>Are waifus a "new" sort of love?
I wouldn't consider it new, no. Of course there's the tale of Pygmalion, as the guy above me listed, but more to the point I think the capacity existed in humans long before. It's really just that in the 21st century, as entertainment has become more and more advanced, the characters are real enough that they're capable of evoking love in us.
More importantly, maybe, with the internet it allows us to congregate. Loving a waifu, it's something a small, small, incredibly small minority of people do. If we were all alone, if we didn't have a way to connect, I imagine many of us would abandon their waifu out of a similar sense of "this is wrong" that you question. The few that were left, that went on loving their waifu, would be so rare as to not leave a mark. They'd live and die loving their waifu and no one, excluding perhaps a rare confidant, would know the difference. But with the internet, we can gather in numbers enough to make leave a trace. On top of that, when someone doubts they can remember that there are others like him, that he's not a single madman alone in the world. Profess all you want to not care but most people inherently want to belong, and if they feel they don't they're more likely to change their ways in an attempt to fit in.

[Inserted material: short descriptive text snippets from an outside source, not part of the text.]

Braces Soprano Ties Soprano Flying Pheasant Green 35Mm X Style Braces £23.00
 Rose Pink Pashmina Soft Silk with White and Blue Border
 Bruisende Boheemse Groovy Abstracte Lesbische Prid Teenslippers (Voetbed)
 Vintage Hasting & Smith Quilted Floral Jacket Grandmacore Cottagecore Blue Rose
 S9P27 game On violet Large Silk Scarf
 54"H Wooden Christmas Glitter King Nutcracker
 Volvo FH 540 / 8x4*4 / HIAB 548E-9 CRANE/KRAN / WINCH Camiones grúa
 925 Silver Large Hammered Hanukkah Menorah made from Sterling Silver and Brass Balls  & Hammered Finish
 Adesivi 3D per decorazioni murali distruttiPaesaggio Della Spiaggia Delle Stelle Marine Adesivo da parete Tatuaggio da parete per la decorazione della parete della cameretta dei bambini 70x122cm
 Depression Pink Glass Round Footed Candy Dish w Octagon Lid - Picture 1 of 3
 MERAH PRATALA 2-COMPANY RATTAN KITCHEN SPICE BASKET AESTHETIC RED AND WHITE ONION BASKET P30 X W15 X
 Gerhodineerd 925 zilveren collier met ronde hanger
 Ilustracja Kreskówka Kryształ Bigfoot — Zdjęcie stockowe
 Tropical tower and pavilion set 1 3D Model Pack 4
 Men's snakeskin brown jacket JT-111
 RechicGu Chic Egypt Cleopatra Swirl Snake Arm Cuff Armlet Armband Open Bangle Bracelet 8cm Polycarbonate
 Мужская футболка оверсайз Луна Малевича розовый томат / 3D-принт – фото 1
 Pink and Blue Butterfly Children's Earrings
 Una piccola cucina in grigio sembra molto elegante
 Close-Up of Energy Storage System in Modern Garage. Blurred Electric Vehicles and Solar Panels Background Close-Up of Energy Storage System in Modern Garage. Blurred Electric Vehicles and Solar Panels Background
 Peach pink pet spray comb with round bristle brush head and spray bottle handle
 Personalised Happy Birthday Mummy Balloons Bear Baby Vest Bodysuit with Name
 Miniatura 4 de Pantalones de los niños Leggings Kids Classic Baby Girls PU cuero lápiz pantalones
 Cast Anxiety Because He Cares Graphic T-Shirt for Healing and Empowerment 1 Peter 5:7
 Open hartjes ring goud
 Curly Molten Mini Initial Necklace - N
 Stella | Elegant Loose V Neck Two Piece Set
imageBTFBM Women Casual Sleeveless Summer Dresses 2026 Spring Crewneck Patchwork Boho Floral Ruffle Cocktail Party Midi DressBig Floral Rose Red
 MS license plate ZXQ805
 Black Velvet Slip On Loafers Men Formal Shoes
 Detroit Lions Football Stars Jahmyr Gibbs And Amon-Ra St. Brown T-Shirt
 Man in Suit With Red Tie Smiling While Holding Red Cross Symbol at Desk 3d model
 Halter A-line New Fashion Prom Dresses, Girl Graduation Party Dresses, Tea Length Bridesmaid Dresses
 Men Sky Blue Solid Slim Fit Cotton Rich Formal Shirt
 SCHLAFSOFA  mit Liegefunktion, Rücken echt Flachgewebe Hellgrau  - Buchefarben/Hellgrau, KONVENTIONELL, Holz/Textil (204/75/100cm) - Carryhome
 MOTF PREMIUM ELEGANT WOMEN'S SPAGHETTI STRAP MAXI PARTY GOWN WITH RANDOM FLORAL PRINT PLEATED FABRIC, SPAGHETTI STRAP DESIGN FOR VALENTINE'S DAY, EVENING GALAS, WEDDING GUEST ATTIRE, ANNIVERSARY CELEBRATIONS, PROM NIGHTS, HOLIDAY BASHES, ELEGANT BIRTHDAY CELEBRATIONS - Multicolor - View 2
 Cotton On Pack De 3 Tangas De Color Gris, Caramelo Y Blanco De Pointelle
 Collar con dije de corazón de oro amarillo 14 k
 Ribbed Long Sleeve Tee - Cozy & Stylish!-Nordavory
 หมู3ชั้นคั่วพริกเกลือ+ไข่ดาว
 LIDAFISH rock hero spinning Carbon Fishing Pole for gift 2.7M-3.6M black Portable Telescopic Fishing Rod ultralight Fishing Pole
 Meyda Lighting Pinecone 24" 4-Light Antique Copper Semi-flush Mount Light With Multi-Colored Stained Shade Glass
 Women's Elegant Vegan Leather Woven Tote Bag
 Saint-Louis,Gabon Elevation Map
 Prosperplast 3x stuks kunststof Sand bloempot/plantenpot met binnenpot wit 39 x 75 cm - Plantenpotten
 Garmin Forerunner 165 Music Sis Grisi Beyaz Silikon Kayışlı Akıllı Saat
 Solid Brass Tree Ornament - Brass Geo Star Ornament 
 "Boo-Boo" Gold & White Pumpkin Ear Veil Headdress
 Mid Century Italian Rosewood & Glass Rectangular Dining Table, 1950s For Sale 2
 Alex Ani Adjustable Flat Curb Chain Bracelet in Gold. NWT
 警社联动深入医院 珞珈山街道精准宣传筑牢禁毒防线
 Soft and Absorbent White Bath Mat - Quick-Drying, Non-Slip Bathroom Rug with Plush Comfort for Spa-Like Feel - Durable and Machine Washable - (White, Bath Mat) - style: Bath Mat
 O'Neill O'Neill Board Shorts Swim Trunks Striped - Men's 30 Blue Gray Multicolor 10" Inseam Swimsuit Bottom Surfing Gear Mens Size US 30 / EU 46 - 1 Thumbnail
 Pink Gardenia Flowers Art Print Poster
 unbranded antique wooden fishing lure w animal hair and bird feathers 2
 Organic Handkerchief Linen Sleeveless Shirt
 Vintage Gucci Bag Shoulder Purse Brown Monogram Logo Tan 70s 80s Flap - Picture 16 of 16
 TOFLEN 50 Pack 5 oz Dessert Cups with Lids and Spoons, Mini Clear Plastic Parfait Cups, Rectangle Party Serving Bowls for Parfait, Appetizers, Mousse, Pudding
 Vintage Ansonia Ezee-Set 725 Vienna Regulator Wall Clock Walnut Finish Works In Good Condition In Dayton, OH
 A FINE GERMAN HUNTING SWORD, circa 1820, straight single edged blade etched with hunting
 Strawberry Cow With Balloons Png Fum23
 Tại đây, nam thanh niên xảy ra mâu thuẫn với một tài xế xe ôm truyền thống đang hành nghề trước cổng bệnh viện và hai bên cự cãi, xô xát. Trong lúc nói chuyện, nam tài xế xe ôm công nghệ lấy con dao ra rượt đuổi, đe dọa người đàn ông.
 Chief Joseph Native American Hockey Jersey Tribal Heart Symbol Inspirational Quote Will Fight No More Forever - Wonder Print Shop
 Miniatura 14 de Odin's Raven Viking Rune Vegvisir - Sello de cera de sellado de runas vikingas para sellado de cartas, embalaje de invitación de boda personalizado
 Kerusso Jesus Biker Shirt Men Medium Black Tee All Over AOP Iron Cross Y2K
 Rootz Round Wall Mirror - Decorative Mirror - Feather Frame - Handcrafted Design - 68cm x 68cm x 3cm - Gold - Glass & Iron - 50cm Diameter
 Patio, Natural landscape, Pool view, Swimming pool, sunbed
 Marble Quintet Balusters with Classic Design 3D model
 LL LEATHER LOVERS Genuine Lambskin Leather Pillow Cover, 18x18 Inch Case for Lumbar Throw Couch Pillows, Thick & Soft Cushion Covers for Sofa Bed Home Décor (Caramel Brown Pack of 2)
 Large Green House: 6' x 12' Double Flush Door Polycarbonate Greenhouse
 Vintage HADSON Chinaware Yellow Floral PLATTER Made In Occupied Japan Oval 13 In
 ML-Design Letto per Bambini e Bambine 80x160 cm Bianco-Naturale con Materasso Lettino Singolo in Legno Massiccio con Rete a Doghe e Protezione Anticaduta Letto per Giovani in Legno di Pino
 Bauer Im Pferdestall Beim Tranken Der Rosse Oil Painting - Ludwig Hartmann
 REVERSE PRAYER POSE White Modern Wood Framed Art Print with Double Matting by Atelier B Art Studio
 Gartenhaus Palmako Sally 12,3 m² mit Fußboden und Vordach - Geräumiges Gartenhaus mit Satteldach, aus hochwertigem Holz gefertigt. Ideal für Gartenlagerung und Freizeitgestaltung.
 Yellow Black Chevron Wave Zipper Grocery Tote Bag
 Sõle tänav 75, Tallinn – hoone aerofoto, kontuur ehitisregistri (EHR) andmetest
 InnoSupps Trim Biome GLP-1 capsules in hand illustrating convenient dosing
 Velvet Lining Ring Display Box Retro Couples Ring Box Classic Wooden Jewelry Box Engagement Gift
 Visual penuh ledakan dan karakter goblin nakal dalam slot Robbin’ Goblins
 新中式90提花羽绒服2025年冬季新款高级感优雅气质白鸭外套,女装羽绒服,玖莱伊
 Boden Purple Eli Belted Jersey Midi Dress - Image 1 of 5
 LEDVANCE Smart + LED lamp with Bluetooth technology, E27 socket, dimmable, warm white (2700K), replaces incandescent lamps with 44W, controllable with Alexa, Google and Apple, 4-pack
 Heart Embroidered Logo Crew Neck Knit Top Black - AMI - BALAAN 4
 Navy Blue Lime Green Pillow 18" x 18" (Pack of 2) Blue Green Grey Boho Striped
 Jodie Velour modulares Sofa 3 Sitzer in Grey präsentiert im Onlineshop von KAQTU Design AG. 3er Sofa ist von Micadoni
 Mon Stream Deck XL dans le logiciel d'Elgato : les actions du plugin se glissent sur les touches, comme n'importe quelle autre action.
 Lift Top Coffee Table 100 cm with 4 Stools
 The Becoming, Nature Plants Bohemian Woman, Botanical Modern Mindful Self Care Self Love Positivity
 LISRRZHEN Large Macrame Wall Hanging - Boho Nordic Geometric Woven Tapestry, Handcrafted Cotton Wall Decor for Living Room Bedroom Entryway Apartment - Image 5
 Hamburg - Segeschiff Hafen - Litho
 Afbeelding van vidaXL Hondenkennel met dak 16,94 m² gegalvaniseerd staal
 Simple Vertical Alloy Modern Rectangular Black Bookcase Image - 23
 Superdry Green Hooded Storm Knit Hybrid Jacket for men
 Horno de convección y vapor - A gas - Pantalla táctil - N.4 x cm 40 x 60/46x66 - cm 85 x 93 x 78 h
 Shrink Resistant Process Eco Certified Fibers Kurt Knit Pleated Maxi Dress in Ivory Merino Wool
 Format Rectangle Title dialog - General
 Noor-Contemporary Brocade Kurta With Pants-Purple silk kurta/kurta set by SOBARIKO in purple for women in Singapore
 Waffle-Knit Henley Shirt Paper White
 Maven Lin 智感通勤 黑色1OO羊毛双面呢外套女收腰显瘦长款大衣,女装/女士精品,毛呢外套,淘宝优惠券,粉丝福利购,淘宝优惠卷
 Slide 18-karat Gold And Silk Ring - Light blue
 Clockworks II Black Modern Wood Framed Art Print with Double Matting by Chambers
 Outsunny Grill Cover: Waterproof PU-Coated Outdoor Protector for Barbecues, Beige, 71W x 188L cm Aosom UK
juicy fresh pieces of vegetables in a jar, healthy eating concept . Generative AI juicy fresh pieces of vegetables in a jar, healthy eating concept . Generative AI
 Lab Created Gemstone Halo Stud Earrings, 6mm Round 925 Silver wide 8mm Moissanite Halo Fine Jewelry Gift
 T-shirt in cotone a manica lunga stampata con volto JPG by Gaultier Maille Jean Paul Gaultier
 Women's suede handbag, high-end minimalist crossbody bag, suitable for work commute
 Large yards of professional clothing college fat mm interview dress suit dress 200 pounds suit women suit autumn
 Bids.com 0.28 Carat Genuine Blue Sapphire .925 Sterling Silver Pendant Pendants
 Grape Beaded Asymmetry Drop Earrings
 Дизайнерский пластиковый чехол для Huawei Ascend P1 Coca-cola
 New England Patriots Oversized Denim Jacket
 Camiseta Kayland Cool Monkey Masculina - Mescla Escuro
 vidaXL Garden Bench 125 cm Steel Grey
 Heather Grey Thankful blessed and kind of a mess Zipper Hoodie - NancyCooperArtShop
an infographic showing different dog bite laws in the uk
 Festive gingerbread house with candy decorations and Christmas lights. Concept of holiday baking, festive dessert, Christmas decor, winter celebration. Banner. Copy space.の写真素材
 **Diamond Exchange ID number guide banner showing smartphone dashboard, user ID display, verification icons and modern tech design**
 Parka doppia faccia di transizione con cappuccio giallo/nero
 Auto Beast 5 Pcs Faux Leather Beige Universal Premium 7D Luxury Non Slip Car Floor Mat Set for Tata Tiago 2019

>I BET that EVERY psychologist would try to "remove" my waifu from me, saying its just delusional.
You would actually be surprised. In my limited experience, and from what I've seen some other people say, psychologists are totally fine with loving a waifu. As long as you don't lose touch with reality. Many of us say we believe our waifus exist in our hearts, or "somewhere out there," and that's fine, but believing your waifu exists in the physical, or that you can hear her like any other person, that's more along the lines of delusions or hallucinations.
As long as you stay in touch with reality waifus are perfectly healthy on their own, what matters is how they effect your life. Think of it like addictions. A small amount of alcohol or gambling is fine here and there, it's when your life starts to fall apart, when you lose your job or can't pay your bills or are abusive to family, because of alcohol or gambling that they become a problem. Waifus are kind of similar. As long as your waifu makes you happy, your waifu is healthy for you. If your waifu makes you unhappy, or causes you to do things that make you unhappy, then a psychologist would likely consider your love of your waifu unhealthy. And really, if your waifu makes you unhappy, more than the occasional sadness that you mention, perhaps you should reconsider whether this is the lifestyle you want to commit yourself too.
So no, I don't really think waifus are, by themselves, a form of mental illness. Though if you go too far it can become one.
>Are waifus a pure form of love that differs from 3d relationships that are changing every few months in the worst case
Eh, I think they're "purer" than the types of relationships you talk about. Most of them are just rooted in infatuation or looks, once the shine wears off there's no motivation to continue it because the couple learns they really don't like each other. Are they purer than the love of a couple that's been married for 50 years and still happy, though? I don't particularly think so.
The experience you described was basically mine too, though I didn't give him any material nor did he recommend I try a 3D relationship one more time.